When I think of circulating currents associated with single core cables, I think of the induced voltages in the cable screens / armourings, caused by current flow in the conductor itself. That induced voltage can cause a circulating current to flow, if the cable is earthed at both ends. That circulating current can be quite high, causing localized heating at ferromagnetic gland plates, any associated tray work, metallic trunking, conduit etc.
If the cable is SWA, the problem is a whole lot worse, because SWA is magnetic. That is why single core cables, particularly when designed to carry above 400A, should not be SWA. Using AWA cable reduces this problem because aluminum is non-magnetic (as is CWA).
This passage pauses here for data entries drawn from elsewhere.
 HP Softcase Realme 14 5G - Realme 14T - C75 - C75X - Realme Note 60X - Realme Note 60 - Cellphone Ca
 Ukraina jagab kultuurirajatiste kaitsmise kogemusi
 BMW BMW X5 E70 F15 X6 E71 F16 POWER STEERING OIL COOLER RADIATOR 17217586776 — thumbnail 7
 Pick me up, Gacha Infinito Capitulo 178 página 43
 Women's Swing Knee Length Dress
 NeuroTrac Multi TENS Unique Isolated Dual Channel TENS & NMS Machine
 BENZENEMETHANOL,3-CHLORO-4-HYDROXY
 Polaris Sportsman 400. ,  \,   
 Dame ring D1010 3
These circulating currents also generate eddy currents at the gland plates etc that create further heating effects. There are also hysteresis losses caused by this in the ferromagnetic material.
One way to mitigate this uncontrolled current is to earth only one end of the single core cable, but this then introduces a standing voltage at the unearthed end, which can be high enough to be hazardous. Using cross bonding with transposition helps reduce the circulating current / standing voltage.
Correct spacing and use of non-magnetic materials for armours, gland plates etc all contribute to decreasing the problems. Another way to reduce eddy current heating at gland plates is to put a saw cut between the single core cable entry holes/glands - that breaks the path and prevents eddy current circulation.